Drayton: Anvil Springstein isn’t dead
Anvil Springstein isn’t dead. He’s going to Australia.
I’ve known and worked with Anvil from the very early days of North East comedy, so I consider it apposite that I recount some Anvil-related stories. He helped make the comedy scene what it is today.
We may never see the like of him again, unless he comes back – and then we will.
One of his early guises was as The Human Anvil. Together with his brother Billy he contrived to demonstrate the collective power of the workers against capitalism. He did this by shouting at the audience, laying on the floor, having a full-sized paving slab placed on his chest, then his brother Billy hit it with a sledgehammer. This act was banned by the Tyneside and District Ex-Servicemen’s Club. Quite often the shrapnel from the slab would bloody his handsome visage. The ladies loved it. His first nickname was Bed Post Notch Anvil, as his derring-do made him a babe magnet.

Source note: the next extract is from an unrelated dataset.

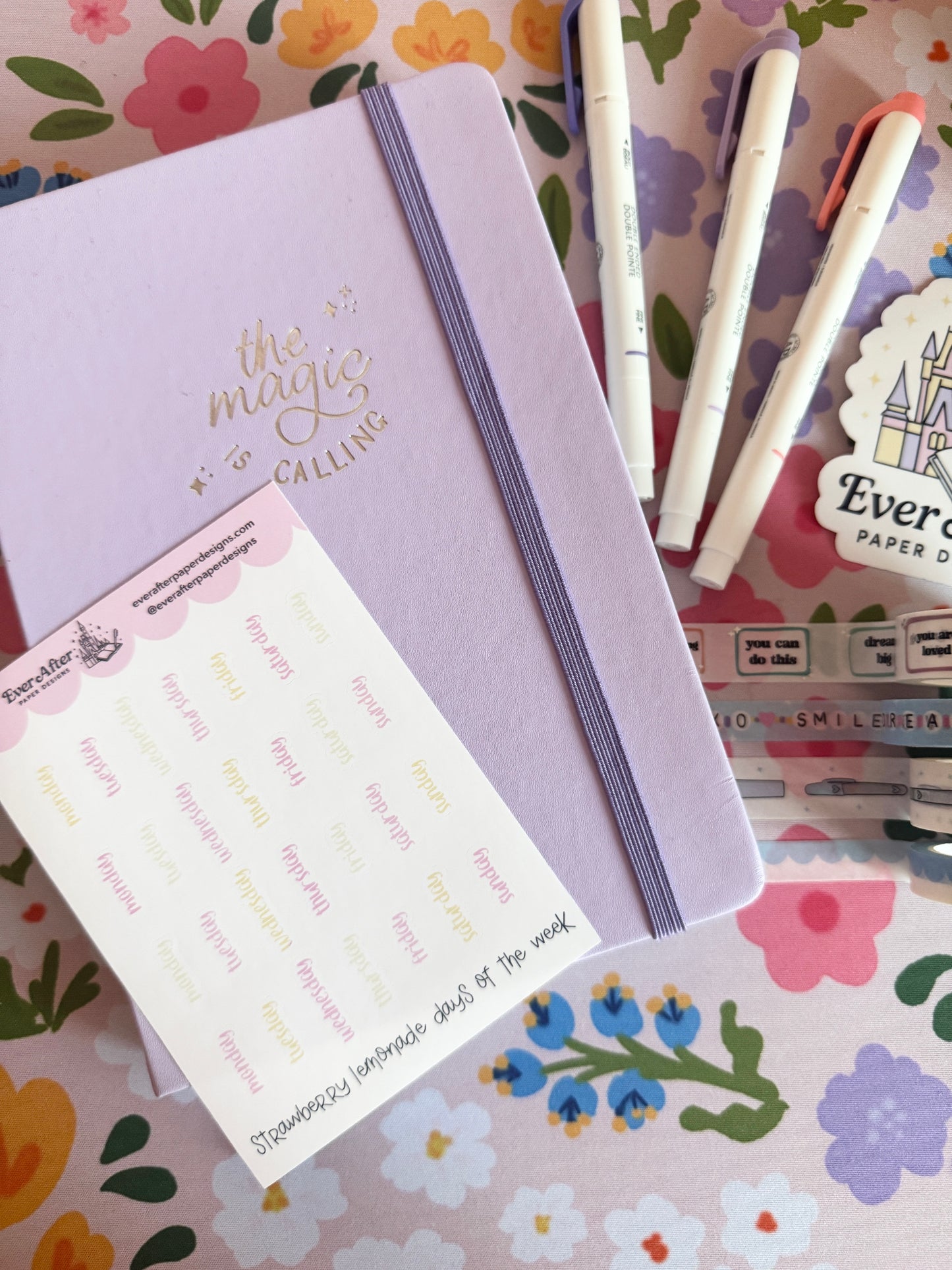 Strawberry Lemonade Days of the Week Sticker Sheet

On deciding that as a grown man he should retire from having his ribs cracked he staged the death of the Human Anvil. By this time Graeme had taken the reigns, who, to be honest, wasn’t as accurate with a Sledgehammer as Billy. Anvil copped a great deal of concrete to the face, he was bleeding profusely, attempting to raise himself as not to choke on his own blood. Graeme’s foot was firmly placed on Anvils chest whilst reading his death notice and under his breath telling Anvil to keep still as he was spoiling the illusion. It was at this point that the act developed its first popular catch phrase – ‘Fer Fucks Sake Graeme’. Happily he survived.
Despite stories to the contrary, I believe I suggested the name Springstein. He was looking for something to pin on to Anvil, as it had a nice ring to it. I suggested taking the Bruce moniker, as he was the biggest act in the world at the time – it was either that or Anvil Jackson, Anvil Madonna or Pepsi and Anvil. He chose the right name.
Pulling together the region’s comedy talent, Anvil was the lynch pin of Near the Knuckle, a comedians co-operative (how quaint, how 1970s – a comedy co-op). He urged us to have a ‘pan-European set’ – comedy that could be taken around Europe. How we all laughed. How wrong we were. We had an old ambulance, we had gigs in Hartlepool, surely shows in Hull and Rotterdam were just a blink away?
His front room in Granville Gardens, Jesmond. If ever there was a location for a Blue Plaque it’s here. It’s rooted in comedy history. Anyone could pitch up here and be welcomed with a tab and a cup of stewed tea. Any one, any time. His heart was, and is, like a wheel, and he’ll unselfishly roll it your way whenever it’s needed. He saved me from myself a couple of times through just being him. A very kind man.
His comedy gets better and better. I’ve seen much of his act in its various guises over the years, it’s like listening to a well loved album. I can do several of his routines word for word (note to self – now he’s gone, not a bad idea). He does however have the devil in him. Last year we gigged together in South Shields. A lovely friendly family audience, all showing the Racism The Red Card. He was rolling along, showing just how it should be done, and then….’So I was fucking this Nun’. Kaboom. Anvil went one way, the audience the other. He loved it. Bless him and all who sail in him.
In Sunderland he once suggested that we chin a fifteen year old and cocky Ross Noble, just for the hell of it.
He called me and my mate Rob ‘the oldest pair of cunts in the world’ at The Stand in Newcastle. Fair dos.
He squealed like a baby when, on driving back across Lake District, I turned off the car head lights, guessing which way the road was heading.
As I said, he’s not dead, just away for a while. I’ll miss him.